I acquired a jet ski trailer, which overall is much better than the marginal spartan trailer I have for my 1648.

I am considering buying some 3x3x1/8 tubing & extending the jet ski trailer tongue.

If I do this, I would like to go a little long so as to get the boat farther in the water during launch.

I would need to add 6 foot of tongue to have the boat fully over trailer frame.

The welding will not be an issue.

I am wondering if there will be any extraordinary loads during towing or other surprises that I am missing.

Your thoughts please!


----------



## eshaw (Aug 30, 2017)

One thing I would investigate would be the rated capacity of the springs under it. It might make a difference if your boat will be fully loaded. If you can figure out the tongue weight it will help you determine the loads the frame is/will see.


----------



## Stumpalump (Aug 30, 2017)

I've drug mine thru hell and back. That's an 18' Grumman. 
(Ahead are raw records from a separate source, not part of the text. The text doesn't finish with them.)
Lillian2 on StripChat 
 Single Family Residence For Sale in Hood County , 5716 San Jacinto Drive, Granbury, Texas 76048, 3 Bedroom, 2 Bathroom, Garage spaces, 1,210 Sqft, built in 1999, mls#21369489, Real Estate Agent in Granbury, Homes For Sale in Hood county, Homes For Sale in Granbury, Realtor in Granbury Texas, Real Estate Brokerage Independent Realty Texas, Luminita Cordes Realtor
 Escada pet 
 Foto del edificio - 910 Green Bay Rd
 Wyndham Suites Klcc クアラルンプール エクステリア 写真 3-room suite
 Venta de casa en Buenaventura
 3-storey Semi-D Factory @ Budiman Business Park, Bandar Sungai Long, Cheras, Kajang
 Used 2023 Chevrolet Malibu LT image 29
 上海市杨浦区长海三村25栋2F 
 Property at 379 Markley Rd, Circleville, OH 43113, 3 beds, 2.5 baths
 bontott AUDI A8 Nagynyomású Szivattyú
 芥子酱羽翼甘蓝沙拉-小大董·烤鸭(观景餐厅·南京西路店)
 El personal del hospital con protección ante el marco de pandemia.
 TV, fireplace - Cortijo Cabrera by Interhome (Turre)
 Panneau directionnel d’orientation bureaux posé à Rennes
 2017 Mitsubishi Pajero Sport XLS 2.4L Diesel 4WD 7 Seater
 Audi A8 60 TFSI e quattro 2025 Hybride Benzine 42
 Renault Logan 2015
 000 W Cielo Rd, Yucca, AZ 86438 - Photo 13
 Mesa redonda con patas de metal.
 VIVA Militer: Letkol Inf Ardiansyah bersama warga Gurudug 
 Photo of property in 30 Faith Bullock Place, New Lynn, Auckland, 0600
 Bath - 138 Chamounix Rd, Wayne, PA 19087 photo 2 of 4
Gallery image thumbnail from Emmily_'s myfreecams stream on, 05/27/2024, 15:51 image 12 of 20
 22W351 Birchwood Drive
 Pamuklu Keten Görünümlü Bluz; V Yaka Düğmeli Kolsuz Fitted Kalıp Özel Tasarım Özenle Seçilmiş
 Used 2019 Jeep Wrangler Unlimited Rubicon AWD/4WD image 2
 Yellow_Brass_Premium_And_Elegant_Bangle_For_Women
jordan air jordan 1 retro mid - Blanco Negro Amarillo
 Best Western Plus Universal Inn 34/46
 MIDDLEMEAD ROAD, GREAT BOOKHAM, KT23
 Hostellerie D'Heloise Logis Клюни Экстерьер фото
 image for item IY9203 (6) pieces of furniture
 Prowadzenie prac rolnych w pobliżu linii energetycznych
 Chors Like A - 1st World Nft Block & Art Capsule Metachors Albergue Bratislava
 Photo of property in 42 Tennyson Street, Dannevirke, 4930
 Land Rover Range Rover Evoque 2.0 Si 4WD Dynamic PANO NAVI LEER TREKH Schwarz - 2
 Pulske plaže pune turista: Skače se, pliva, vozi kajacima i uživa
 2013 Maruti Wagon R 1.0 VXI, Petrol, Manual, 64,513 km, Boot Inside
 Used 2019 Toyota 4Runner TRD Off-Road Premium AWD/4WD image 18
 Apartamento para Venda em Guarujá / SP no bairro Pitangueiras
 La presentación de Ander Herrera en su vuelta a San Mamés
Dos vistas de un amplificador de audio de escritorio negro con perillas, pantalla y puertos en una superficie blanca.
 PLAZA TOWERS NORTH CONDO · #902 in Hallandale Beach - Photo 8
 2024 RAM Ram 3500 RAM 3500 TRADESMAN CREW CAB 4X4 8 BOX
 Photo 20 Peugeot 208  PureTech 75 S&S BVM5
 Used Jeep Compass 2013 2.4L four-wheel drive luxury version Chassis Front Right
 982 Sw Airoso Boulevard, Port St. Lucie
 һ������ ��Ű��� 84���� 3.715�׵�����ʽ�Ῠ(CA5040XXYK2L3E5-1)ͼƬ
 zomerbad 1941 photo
I did a very detailed build thread on the Expedition Portal site. Probably worth getting a screen name to see the pics if you are an outdoorsman anyway and want to see what I ran into. 

https://forum.expeditionportal.com/threads/159299-Fitting-an-18-canoe-on-a-jet-ski-trailer

.
.
.
.


----------



## CedarRiverScooter (Aug 30, 2017)

Thanks Stump for the good info!


----------



## RADAR3321 (Sep 1, 2017)

I currently working through the same issue and some things i have found is, when buying the tubing it may actually be easier (and cheaper) to buy a whole length of metal then the length you want. ie they where going to charge me $80 for a cut 12 foot piece or $90 for a full 24 foot piece. Also since metal is cheap I would replace the whole tongue instead of welding on a length. For me it is as simple as unbolting two bolts and sliding the piece on i want. Hope my headaches make your project easier.


----------



## RaisedByWolves (Oct 8, 2017)

I plan on doing this to my trailer as it dosent have enough tongue between the boat and truck.

Mine is an older tilt trailer so it has about 2.5' of overlap in the frame and Ill just lose the pivot bolt and drill new holes to refit it about a foot longer..


----------